Novel by Scottish author Christopher Brookmyre.
Published in 2005, Be My Enemy is the fourth book featuring Brookmyre's recurring character journalist Jack Parlabane.
Parlabane gets an invitation to a fun-filled weekend at an old, remote Scottish castle turned hotel, where a newly formed event firm is launching its first-ever team-building programme. Dreading what kind of company he'll be in at such an event, Parlabane brings his old friend Tim Vale as his photographer, so that he will at least have one ally when the buzz words, the trust exercises and the general silliness commence.
The other guests turn out to be a mixed bunch, making for a rather unpleasant mood when the conversation turns to politics on the first evening, but other than that things go relatively well. Until they stop going well, that is. Shots are fired at the group during a field exercise. Phones and cars are tampered with, cutting off contact with civilization. People disappear. Headless corpses show up. And so do sword-wielding nutters. They're under siege, and they don't know why.

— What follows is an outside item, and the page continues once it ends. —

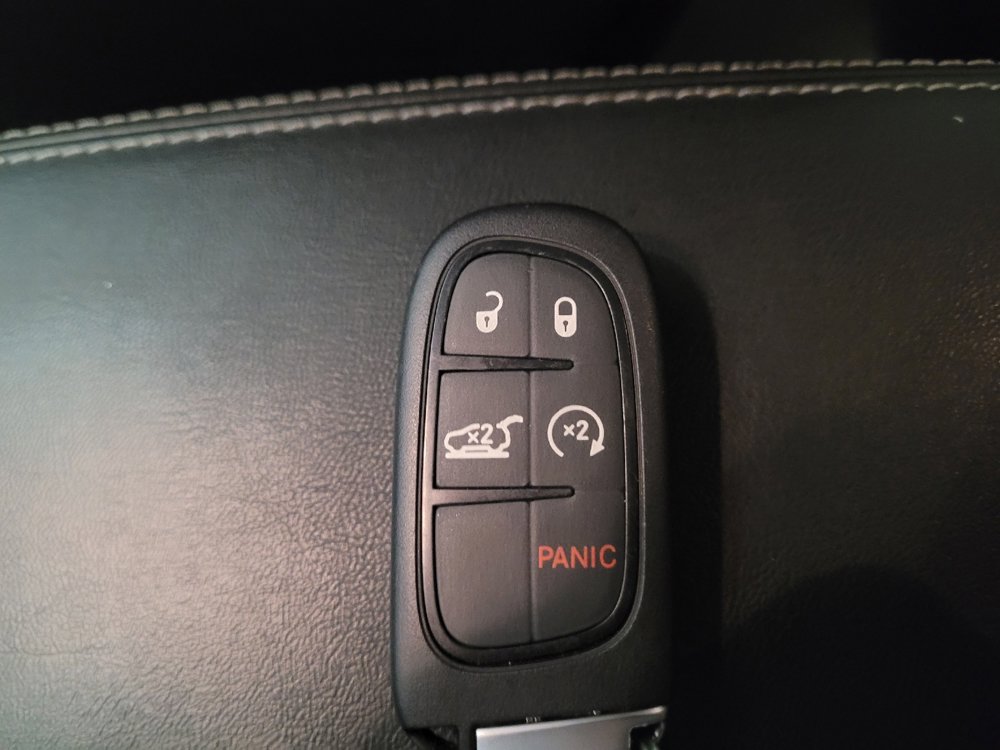 Used 2022 Jeep Cherokee Latitude Lux AWD/4WD image 32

Neither do the short-staffed hotel's stressed-out employees or its increasingly desperate owner, who have all been struggling to keep things afloat with seeming ease. Pretenses are dropped and forces joined as physical, not financial, survival becomes the main objective of the weekend.
This novel provides examples of:
- All Men Are Perverts: Rory's philosophy when directing TV commercials.

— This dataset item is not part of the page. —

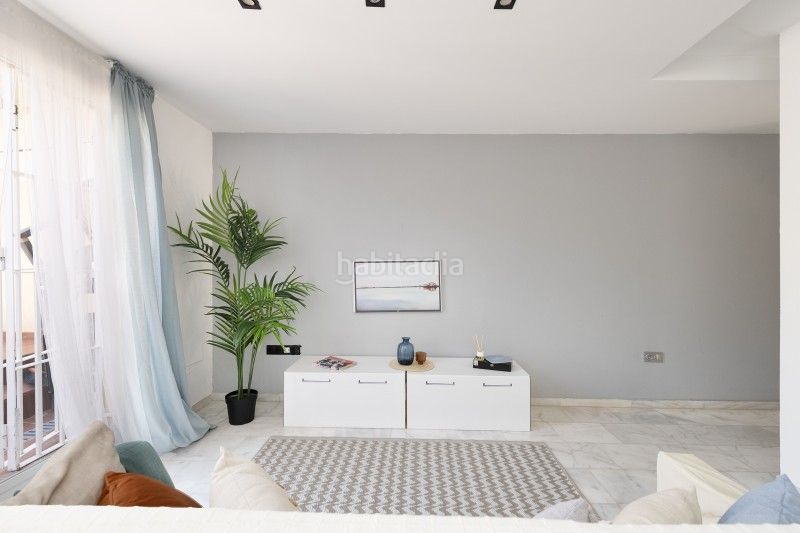 Foto 67fa4f8f-146e-4a56-921e-5c0beda55925. Dúplex a calle perdices 4 a Torreblanca del Sol Fuengirola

- Aristocrats Are Evil: Subverted. Sir Lachlan possesses both kindness and integrity.
- The Atoner: Toby. Rory Glenn too, except other than feeling bad he isn't doing much about it; not till the end of the story at least.
- Beware the Nice Ones: Joanna. She's an overweight, easygoing computer nerd, but don't push her too far!

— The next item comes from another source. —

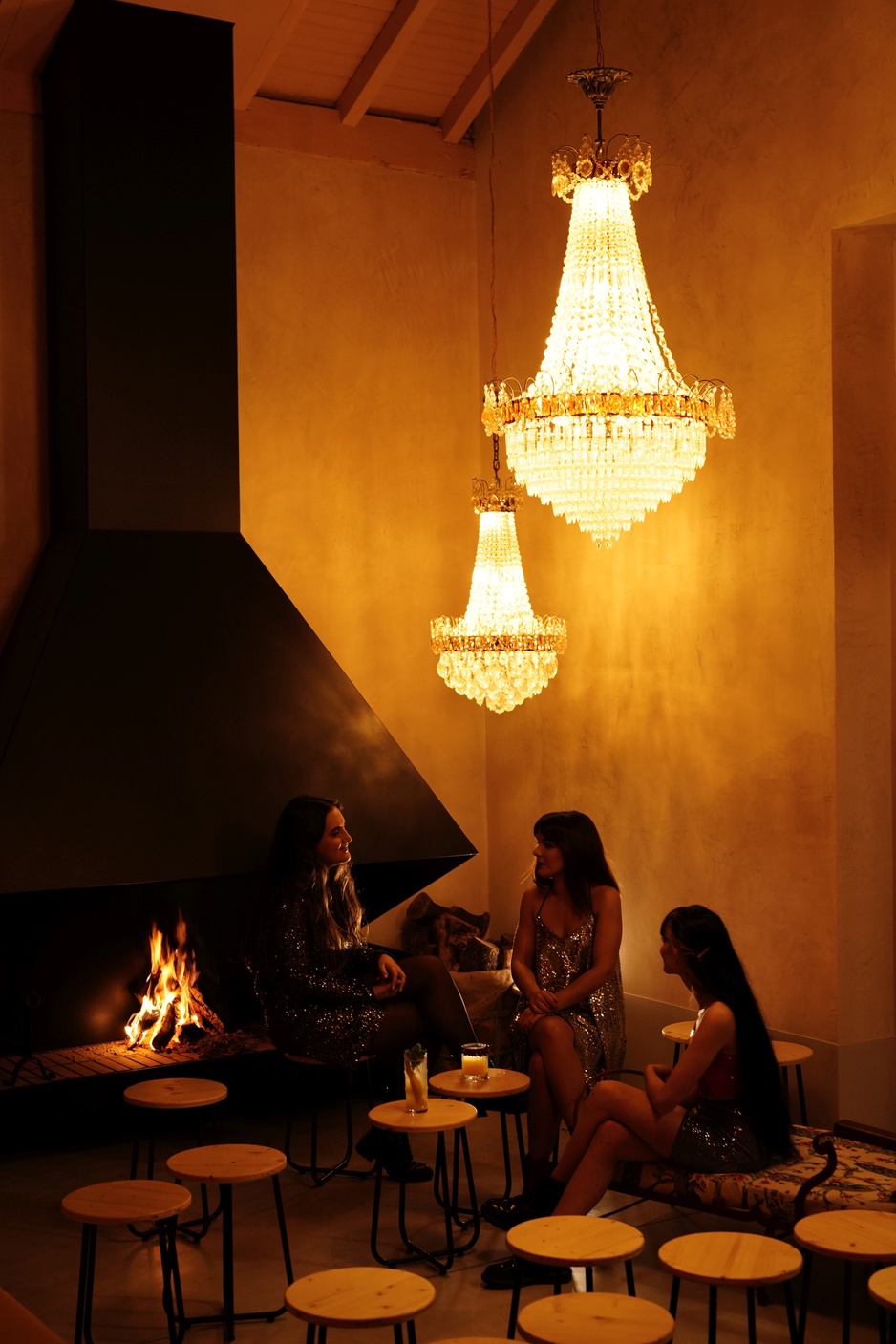 ZERO Box Lodge Coimbra - Socializing in the Bixos Bar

- Broken Bridge: Naturally. The hotel is isolated in the wilderness and there's only one road; and when that bridge goes down...
- Cell Phones Are Useless: The stranded guests want to call 999... but someone's mysteriously stolen all their SIM cards! Except for several years, Mobile Phones have let you dial emergency numbers without a SIM card.
- Chivalrous Pervert: Rory Glenn. He respects women, but can't help himself obsessing about what's under their clothes. To a somewhat pathological degree, not because All Men Are Perverts.
- Embarrassing Tattoo: Peter Mathieson's tattoo is a permanent reminder of his failed career in the music industry.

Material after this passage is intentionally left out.